Avec la visibilité attribuée à l’entrée du défunt, le ton est donné, c’est d’abord un lieu pour se recueillir autour de lui. La technicité pourtant complexe du four et des filtres passe au second plan ; on ne verra pas de cheminée. Les proches s’acheminent par deux accès latéraux qui permettent d’atténuer la présence des parkings et de pénétrer, tout en descendant la pente, par le jardin du souvenir. Dessiné avec les paysagistes de Sempervirens, c’est un véritable site funéraire qui au-delà des cérémonies accueille des lieux de dispersions des cendres, des chemins de déambulation et quelques columbariums ; un paysage mnésique. Le bâtiment, lui, se découvre progressivement, comme des bulles se formant une à une. Le béton matricé en lignes verticales garantit aux cylindres des finitions courbes en faisant l’économie de coffrages complexes. Ces cercles qui peuplent la pente avec un doux coloris de pierre n’appartiennent à aucune forme ordinaire. Une stratégie, justement, de tenir les références quotidiennes à l’écart pour faire de cet endroit un lieu à part. Quand on sait que les budgets ont un sens limité de l’extraordinaire, cela devient une gageure.

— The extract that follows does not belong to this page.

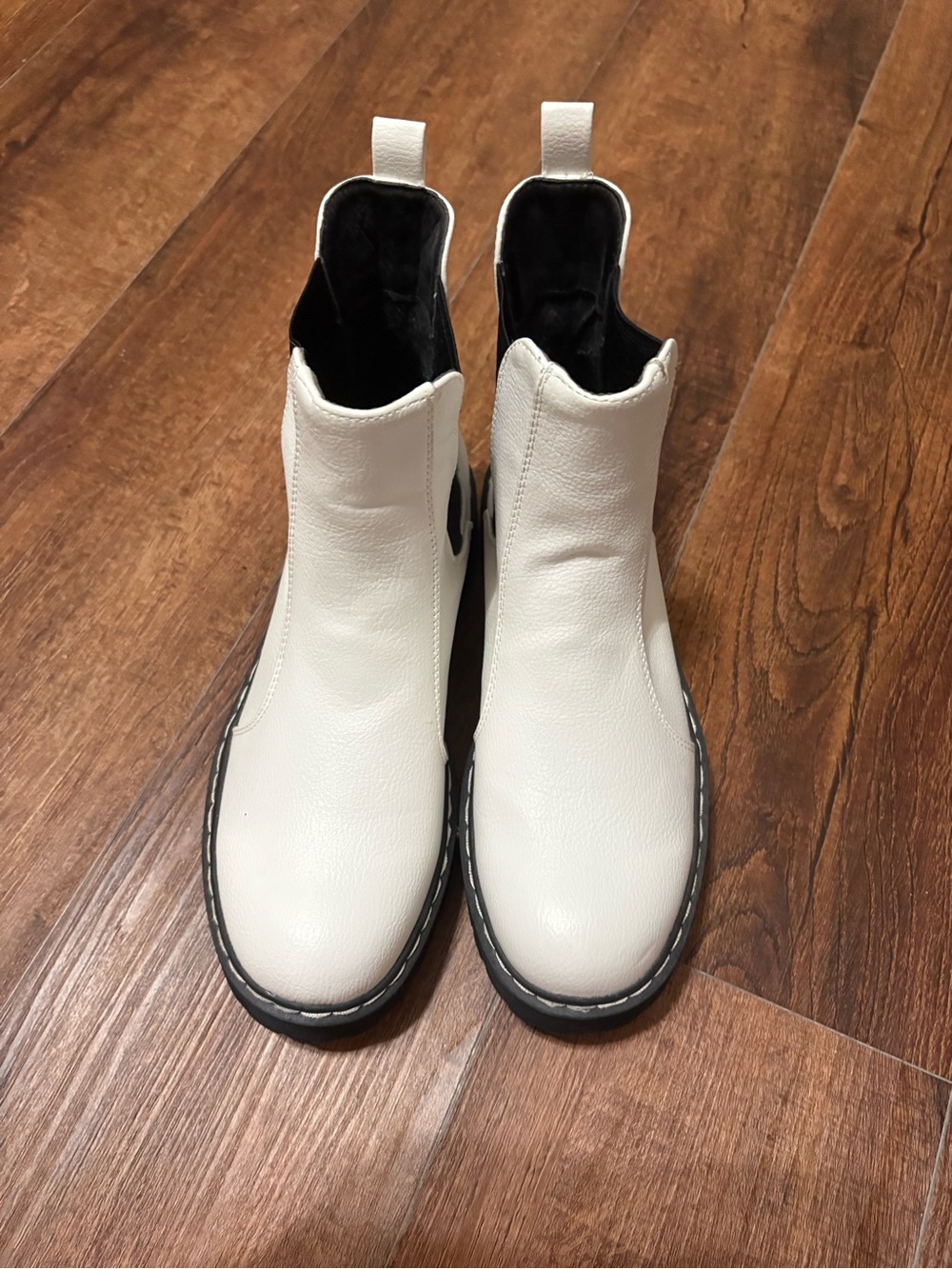 Sincerly Jules White Leather Chelsea Combat Boots with Black Sole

Le dispositif concentrique prolonge ainsi la logique du crématorium de Rennes Métropole livré en 2009, avec peut-être un degré d’abstraction accru. Depuis l’entrée principale, les deux salles de cérémonie sont distribuées sans heurts, les hommes glissant avec le naturel d’un fluide entre les ondulations des murs préfabriqués. Sous la dalle de béton laissé brut, aucun poteau, sauf en rive devant les baies. Les 25 centimètres de béton armé ramènent les efforts jusqu’aux refends sur des portées d’une dizaine de mètres. Le hall recentre l’espace autour de la lumière descendante d’un oculus de 4 mètres, posé sur deux poutres en verre. Quatre plantes y sont rassemblées, faisant la ronde, comme tenant un colloque silencieux.

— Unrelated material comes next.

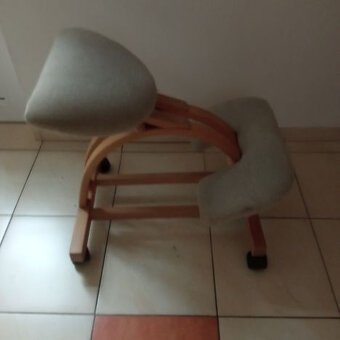 Kľakačka stolička - 2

Deux entrées secondaires permettent aux groupes qui quittent les lieux de ne pas croiser ceux qui arrivent. La volonté d’apaisement déjoue ici les besoins de performance d’un service public dont l’activité s’est considérablement développée en quelques décennies. Qu’importe, pour les concernés il faut rendre les minutes précieuses, donner à l’air sa sérénité. Chacune des salles de cérémonie s’ouvre largement, mais latéralement sur la végétation… sur un extérieur rendu intime par la topographie. Les panneaux de 88 x 410 cm suivent l’arc de cercle en facettes régulières, portées par des poteaux en aluminium blanc qui se confondent dans les voilages. Le mur-rideau passe habilement devant la dalle, procurant de l’élévation à l’intérieur et supprimant visuellement l’épaisseur de l’acrotère en façade.
Cette compagnie végétale n’est cependant qu’un cadre, le centre de l’attention se portant évidemment sur le cercueil. Sa visibilité, mais surtout son retrait ont été résolus par une solution scénique simple : un rideau blanc enveloppe la bière qui est ensuite emmenée. Une pièce à part permet à ceux qui le souhaitent d’assister à l’introduction. Sous la lumière aérienne qui perce le plafond, l’urne est enfin déposée sur une stèle de basalte, unique rappel de la matière constituant les blocs du jardin.